6. Formatting or Scanning

If you’ve ever looked into eye tracking studies, particularly for the web, you may have learned that readers don’t actually read your blog posts word for word. They skim your site in an F-shaped pattern. They read a headline, forming the top bar of the F. They scan down the left side, forming the vertical. They scan across points that stick out or paragraphs that look interesting, forming crossbars.
Take advantage of this. Use bulleted lists and short sentences to encourage skimming. Don’t write long, overly complex statements. If a reader can’t parse it in one pass, they won’t try for a second. Bold key points. Use subheadings. Format your posts to make them as easy as possible to skim. If you’re struggling with focus while writing, check out these tools to help you write distraction-free.
7. Visible, Concrete Evidence

You need to support your points with evidence to make a compelling blog post.
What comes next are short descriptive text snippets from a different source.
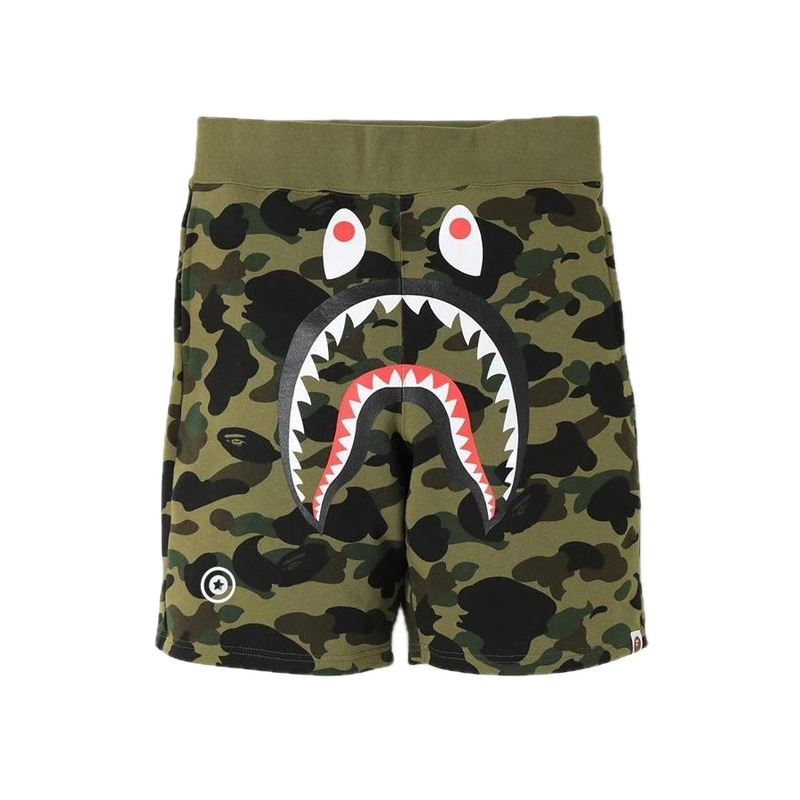 Bape Shark Camouflage Shorts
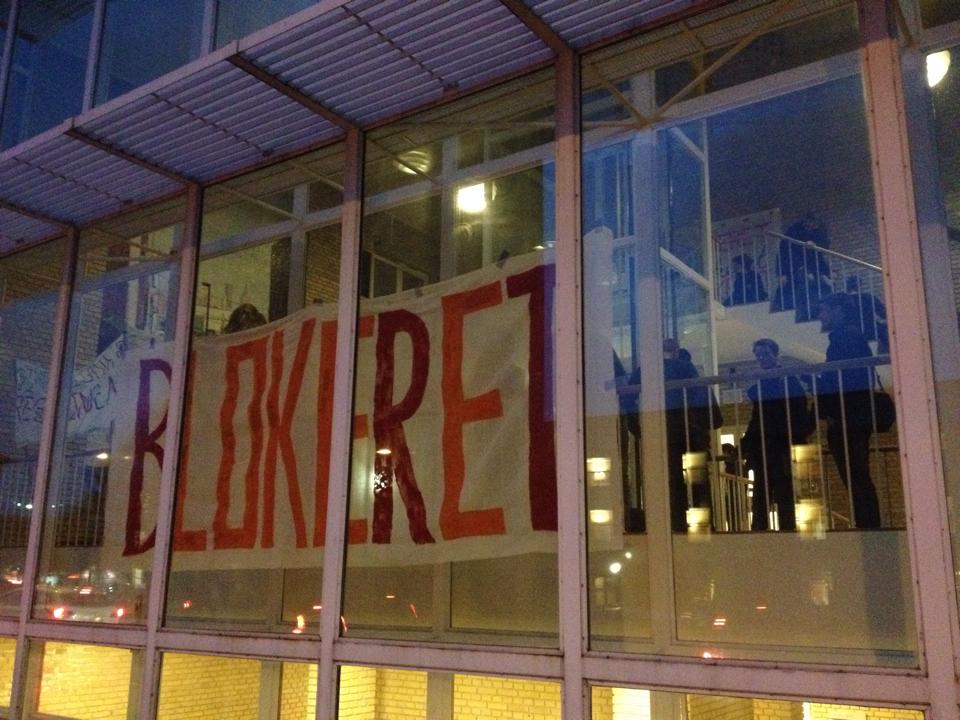 At 8am on Wednesday morning, Et Andet Universitet, announced the MEF department officially ''blocked'', and posted this image on their facebook page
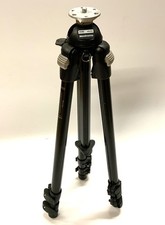 Manfrotto 190PROB Stativ schwarz MC15 mit schwenkbarer Mittelsäule Fotostativ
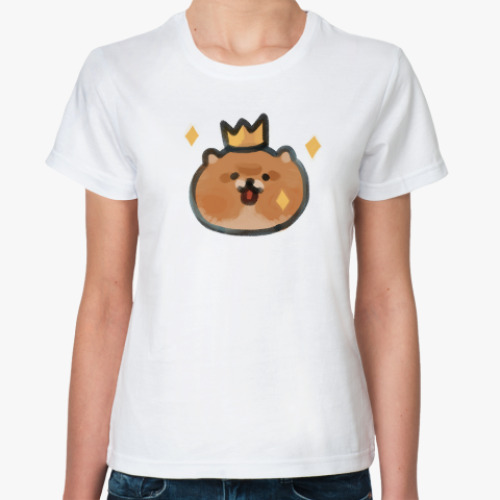 Классическая футболка Король шпиц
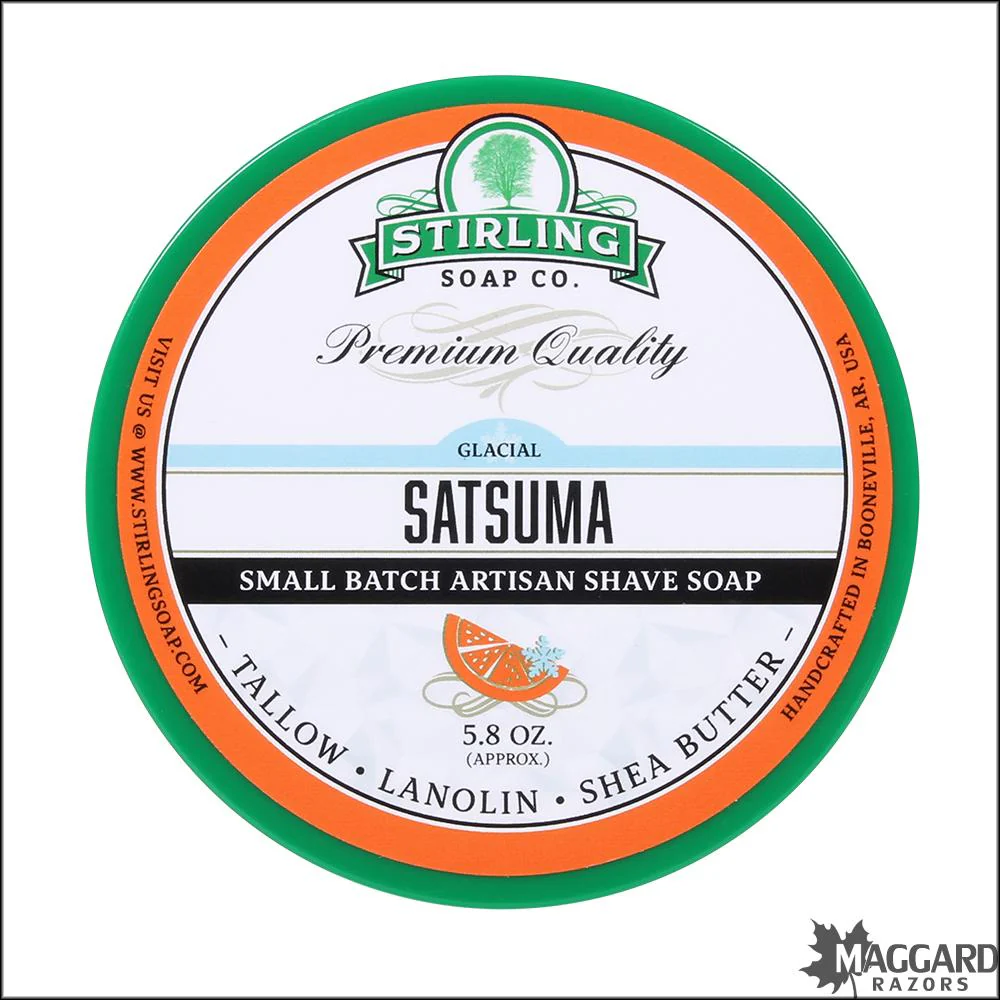 Stirling Soap Co. Glacial Satsuma Shaving Soap, 5.8oz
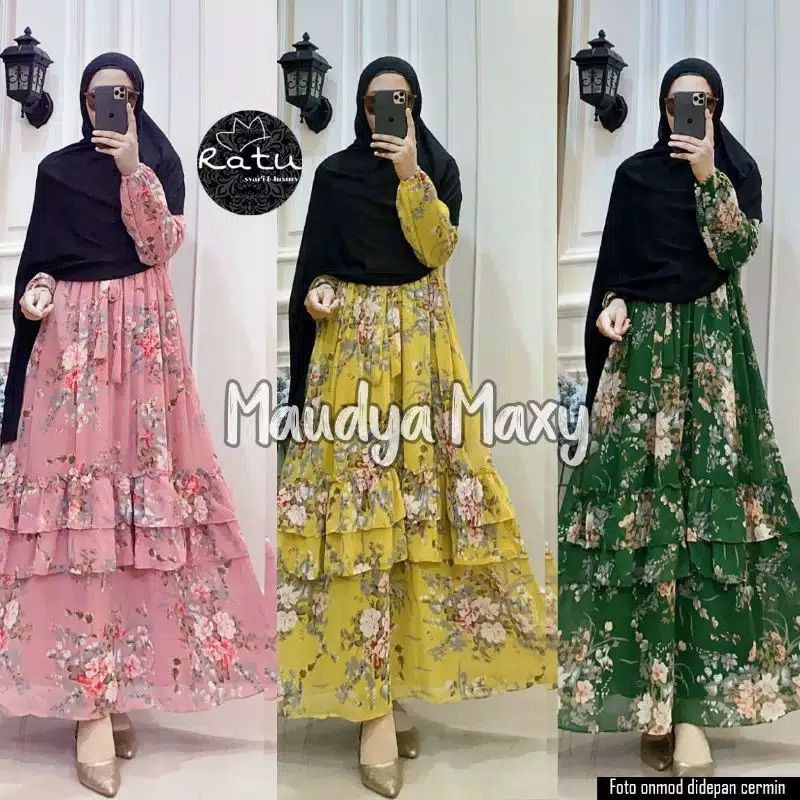 GAMIS MAUDYA MAXY CRUTY UMPAK TERBARU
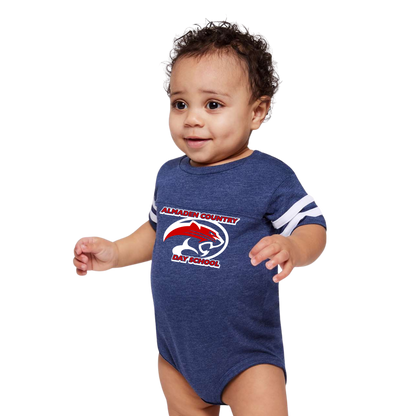 Rabbit Skins Infant Football Bodysuit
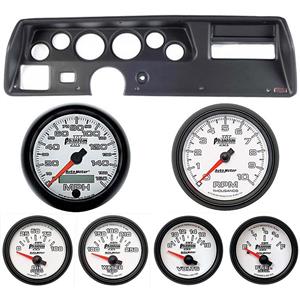 70-72 Chevelle SS Black Dash Carrier w/Auto Meter Phantom II Gauges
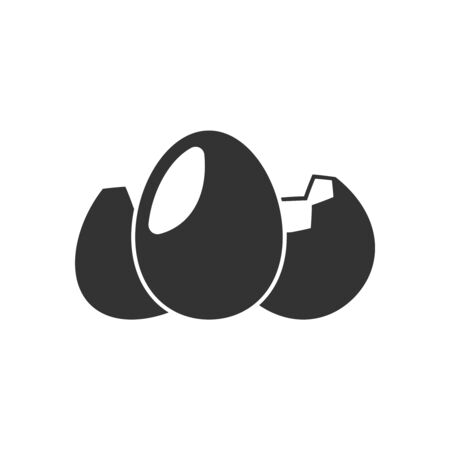Egg with shell iconのイラスト素材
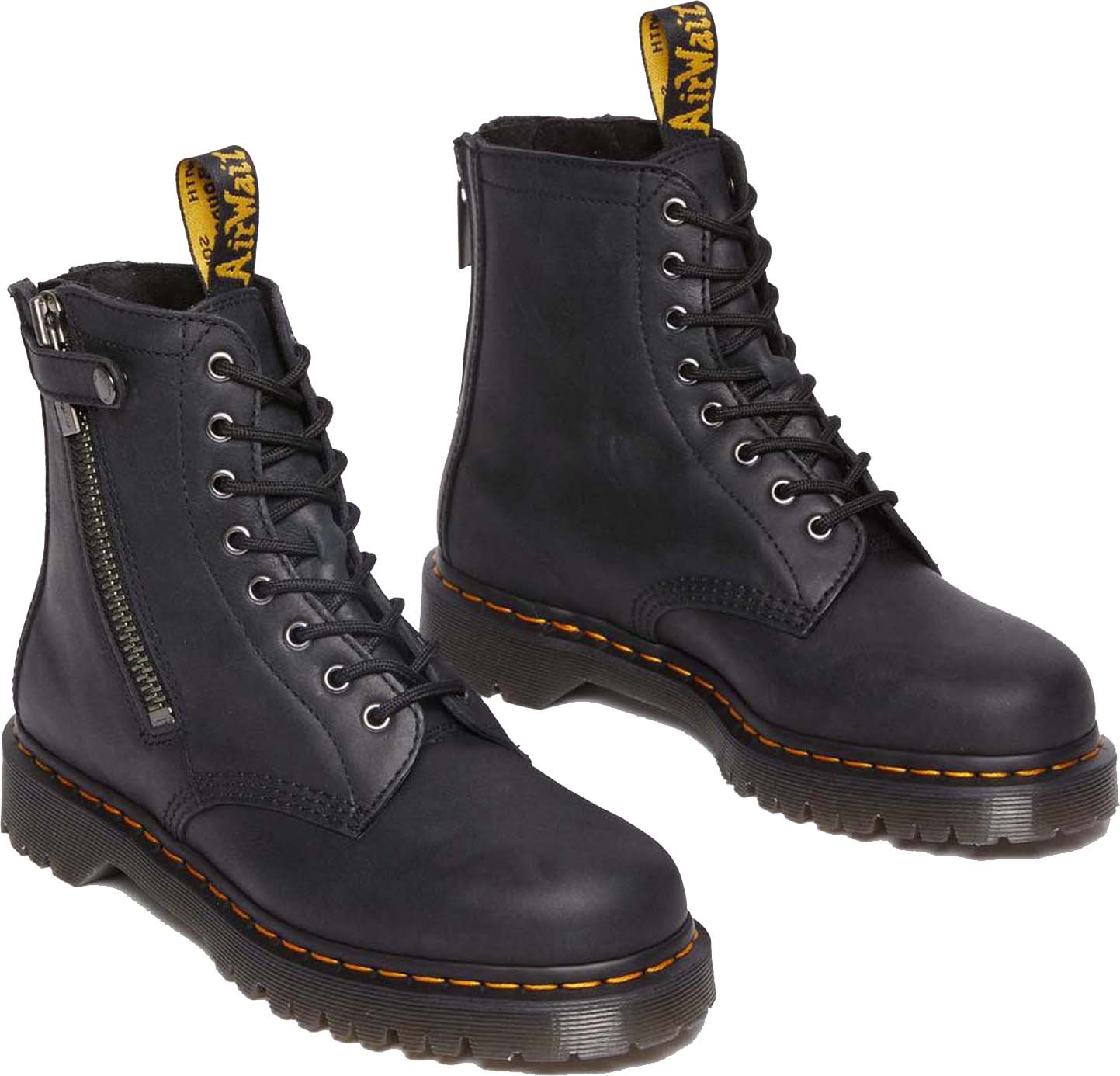 Dr. Martens 1460 Alt Zip Waxed Full Grain Boots - Men's | The Last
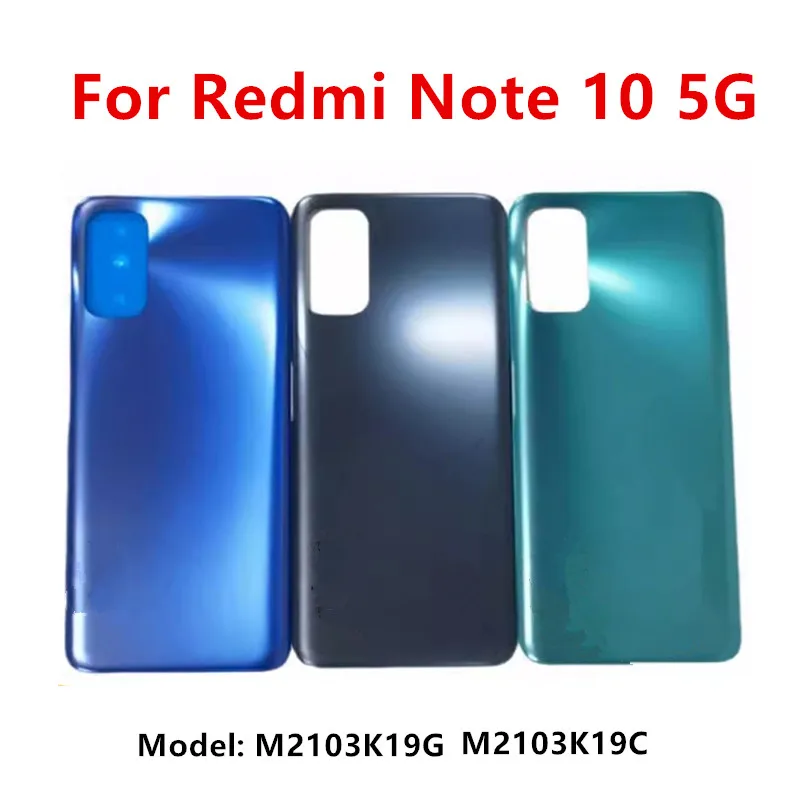 

Note10 5G Housing For Xiaomi Redmi Note 10 5G 6.5" Plastic Battery Back Cover Door Repair Rear Clear Case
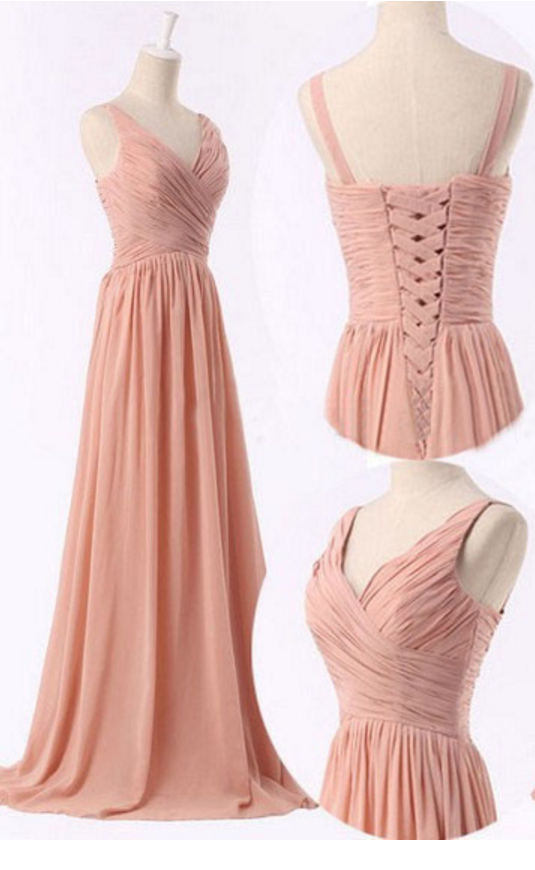 Blush Pink Evening Dress, Bridesmaid Dress, Formal Occasion Dress on Luulla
This also gives you the advantage of a diverse incoming and outgoing link profile, when you’re linking to authority sites for support.
On the web, you’re not limited to blocks of text and boring statistics. Compile those statistics into charts and graphs. Compile those graphs into an infographic. Use bright colors and slick designs to present your evidence in a graphical way that draws the eye.
8. A Fast Site

Okay, so having a fast site isn’t going to grab your reader’s attention on its own. Instead, it will help diminish the chances of a reader losing attention before they even begin. Research by Portent found that ecommerce sites with a 1-second load time convert 2.5x better than sites with a 4-second load time. A Deloitte report found that increasing mobile site speed by just 0.1 seconds improved bounce rate on information pages by 8.3%. And keep in mind that users form a first impression of your website in approximately 50 milliseconds - long before they’ve read a single word.
With mobile traffic now accounting for nearly 60% of all web traffic worldwide, speed matters more than ever. If your site keeps a mobile user waiting more than a couple of seconds, there’s a strong chance they’re gone for good. The average bounce rate already sits somewhere between 41% and 51% - a slow site will push you toward the worse end of that range fast.
Of course, there’s an added bonus to getting this right: site speed is a confirmed ranking factor for Google, so a faster site helps your SEO as well.